Going through recruitment was scary, to say I didn’t know anyone feels like an understatement. No one in my family had ever been a part of sorority life so I was unsure of what to expect. I had no one currently in any of the sororities at my school to ask questions about the culture of sorority life and each sorority on my campus until I met my Pi Chi pre-recruitment.
When I told people I was planning on going through recruitment, I received one of two responses most often. They were: “Oh, you don’t seem like someone who would join Greek Life” or “You’re going to pay for your friends?” At first, this was very discouraging, but I decided to look at it another way and prove them wrong. Sorority life is not just meant for a certain type of woman. While it may not be for everyone, don’t let anyone tell you it isn’t for you. If the women around you are trying to discourage you, they may not be the right sisters for you. Don’t let that keep you from trying to find the right fit.
The ‘paying for your friends’ comment made me think hard, though. I had to search within myself and decide if I thought I would just be paying for some short-term friendships or if I thought there was a potential to form some of those lasting friendships that I so desperately wanted to create. I made the right choice, as now I have some amazing lifelong friends that I would not have had the opportunity to meet otherwise.

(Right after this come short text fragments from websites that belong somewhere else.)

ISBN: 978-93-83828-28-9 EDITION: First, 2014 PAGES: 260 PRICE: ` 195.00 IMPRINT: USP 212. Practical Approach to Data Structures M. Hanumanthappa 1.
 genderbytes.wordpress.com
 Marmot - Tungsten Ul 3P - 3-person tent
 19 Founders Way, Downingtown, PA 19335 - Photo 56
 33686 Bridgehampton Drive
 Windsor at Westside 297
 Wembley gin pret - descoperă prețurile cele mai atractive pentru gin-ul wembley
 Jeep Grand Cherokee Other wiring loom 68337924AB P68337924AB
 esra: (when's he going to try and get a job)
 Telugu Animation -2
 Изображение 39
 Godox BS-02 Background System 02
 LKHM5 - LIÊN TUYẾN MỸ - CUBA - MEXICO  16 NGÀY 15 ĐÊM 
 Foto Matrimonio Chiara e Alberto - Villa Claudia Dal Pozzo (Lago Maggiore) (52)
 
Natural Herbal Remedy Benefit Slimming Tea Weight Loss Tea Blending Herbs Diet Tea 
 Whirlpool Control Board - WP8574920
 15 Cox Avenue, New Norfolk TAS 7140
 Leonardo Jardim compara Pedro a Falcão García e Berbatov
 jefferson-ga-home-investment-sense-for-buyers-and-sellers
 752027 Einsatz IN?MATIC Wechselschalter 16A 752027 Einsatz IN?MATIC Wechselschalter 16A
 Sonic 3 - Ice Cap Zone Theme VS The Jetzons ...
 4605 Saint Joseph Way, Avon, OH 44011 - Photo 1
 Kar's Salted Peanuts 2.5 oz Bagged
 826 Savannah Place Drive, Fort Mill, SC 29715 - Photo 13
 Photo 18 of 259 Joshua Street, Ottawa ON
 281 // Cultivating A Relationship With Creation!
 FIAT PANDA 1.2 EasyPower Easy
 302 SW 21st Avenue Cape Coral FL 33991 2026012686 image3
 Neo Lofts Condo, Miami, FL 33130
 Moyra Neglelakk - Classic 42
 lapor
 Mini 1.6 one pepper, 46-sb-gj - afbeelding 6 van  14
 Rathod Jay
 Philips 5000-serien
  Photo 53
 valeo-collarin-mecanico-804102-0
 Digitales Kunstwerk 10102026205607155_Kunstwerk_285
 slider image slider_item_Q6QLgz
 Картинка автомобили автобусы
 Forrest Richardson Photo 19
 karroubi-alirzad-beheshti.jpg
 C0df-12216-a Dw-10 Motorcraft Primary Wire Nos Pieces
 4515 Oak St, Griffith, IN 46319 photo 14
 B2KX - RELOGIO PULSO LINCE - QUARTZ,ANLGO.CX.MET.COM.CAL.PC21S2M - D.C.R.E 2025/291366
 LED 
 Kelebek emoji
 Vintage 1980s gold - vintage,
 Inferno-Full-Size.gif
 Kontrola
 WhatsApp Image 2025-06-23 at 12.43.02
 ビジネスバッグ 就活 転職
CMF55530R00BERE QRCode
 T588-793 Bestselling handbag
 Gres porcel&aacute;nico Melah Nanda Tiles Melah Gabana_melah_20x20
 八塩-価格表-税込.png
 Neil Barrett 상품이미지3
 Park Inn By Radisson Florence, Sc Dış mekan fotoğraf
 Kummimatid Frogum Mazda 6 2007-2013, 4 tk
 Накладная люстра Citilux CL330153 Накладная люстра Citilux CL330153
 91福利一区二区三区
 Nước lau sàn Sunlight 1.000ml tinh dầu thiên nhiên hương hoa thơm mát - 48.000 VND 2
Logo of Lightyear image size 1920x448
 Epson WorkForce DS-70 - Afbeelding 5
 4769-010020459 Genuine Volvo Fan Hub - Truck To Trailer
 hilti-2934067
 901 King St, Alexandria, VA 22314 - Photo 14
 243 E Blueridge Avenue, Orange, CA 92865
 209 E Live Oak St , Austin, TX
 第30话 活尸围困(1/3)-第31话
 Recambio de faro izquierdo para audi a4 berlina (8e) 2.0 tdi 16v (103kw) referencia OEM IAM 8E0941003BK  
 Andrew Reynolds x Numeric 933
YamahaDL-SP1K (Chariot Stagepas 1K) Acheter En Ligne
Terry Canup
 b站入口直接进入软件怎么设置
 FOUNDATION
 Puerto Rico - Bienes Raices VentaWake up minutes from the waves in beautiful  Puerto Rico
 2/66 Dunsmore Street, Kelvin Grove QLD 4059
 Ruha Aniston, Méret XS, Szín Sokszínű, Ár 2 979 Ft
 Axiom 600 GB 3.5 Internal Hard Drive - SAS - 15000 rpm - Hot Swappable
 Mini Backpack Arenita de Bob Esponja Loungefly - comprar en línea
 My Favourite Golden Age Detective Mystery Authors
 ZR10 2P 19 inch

When paying my first sorority bill, I was nervous that it was paying for friends. But once those connections started forming, I knew that I was paying for much more than my friends. I was paying for t-shirts, formals, mixers, and supporting philanthropic events. I was paying for food at events and speakers and guests to share their knowledge with us. I was paying for fees that would help keep me safe at events and paying to have a space that my sisters and I could use to study, hang out, and even have the opportunity to live in. I was paying for leadership initiatives and conferences and for retreats to get to know my sisters better in very intentional settings.
The relationships I have created with my sisters are those lifelong connections and the women I have met will be at my wedding and I’ll be at theirs. We laugh and cry together. We study and go on road trips. We have long phone calls about our days and Wednesday night drinks talking about relationships.
I am thankful for the opportunity to be involved with a group of women who all want to create meaningful friendships that last a lifetime. It may be perceived by many as paying for my friends, but it’s so much more than that. We have built relationships that run so much deeper than money could ever buy.